* _Exercise instructions_
The required output is the stretch from the line containing "Memutus Mata Rantai" through the line containing "សំឡេងដើម - Thea🤍" in the records below, unaltered and with no pictures.

* _Record set_
----------

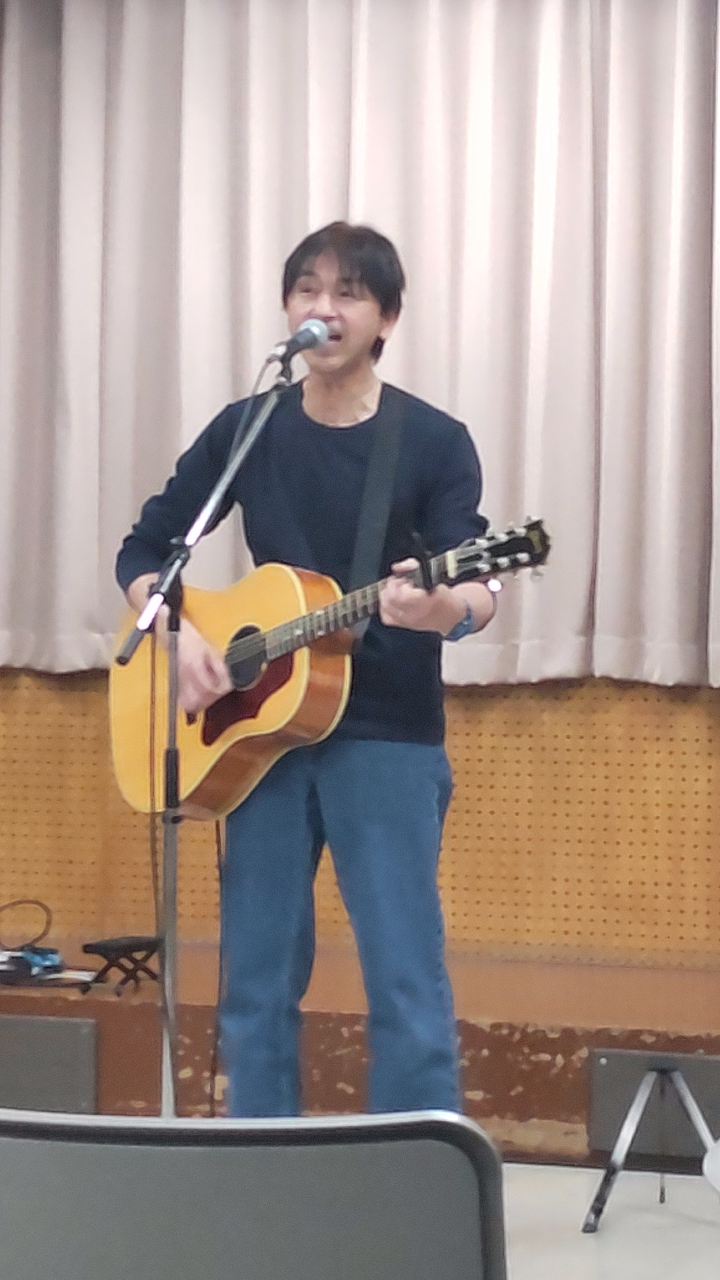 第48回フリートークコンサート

----------

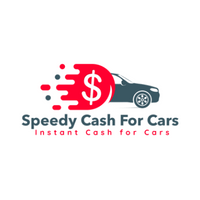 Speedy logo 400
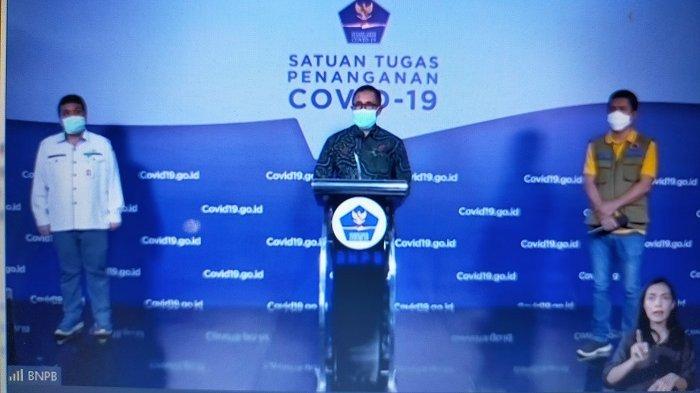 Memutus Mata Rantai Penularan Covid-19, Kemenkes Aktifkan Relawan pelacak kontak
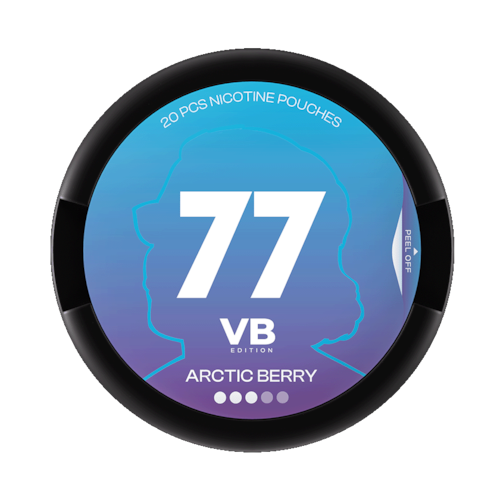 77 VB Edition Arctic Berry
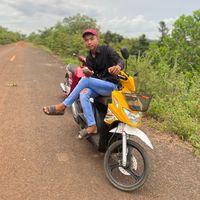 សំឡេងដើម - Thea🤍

----------

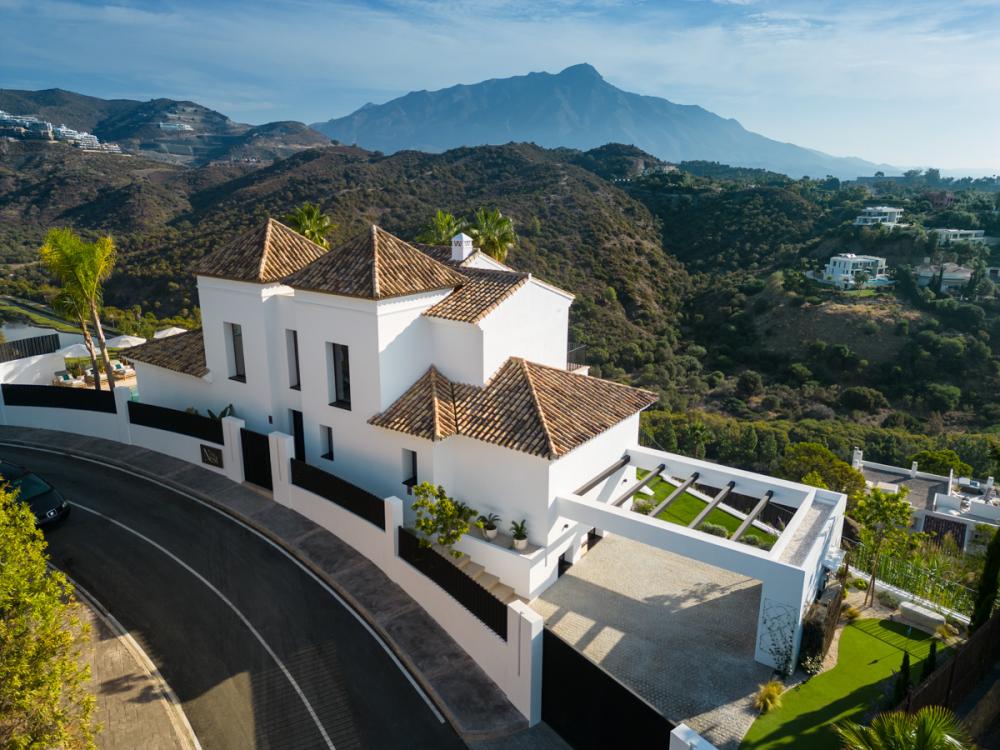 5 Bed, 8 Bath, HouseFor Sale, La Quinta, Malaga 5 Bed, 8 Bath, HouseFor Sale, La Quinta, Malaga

----------

* _Exercise solution_
 Memutus Mata Rantai Penularan Covid-19, Kemenkes Aktifkan Relawan pelacak kontak
 77 VB Edition Arctic Berry
 សំឡេងដើម - Thea🤍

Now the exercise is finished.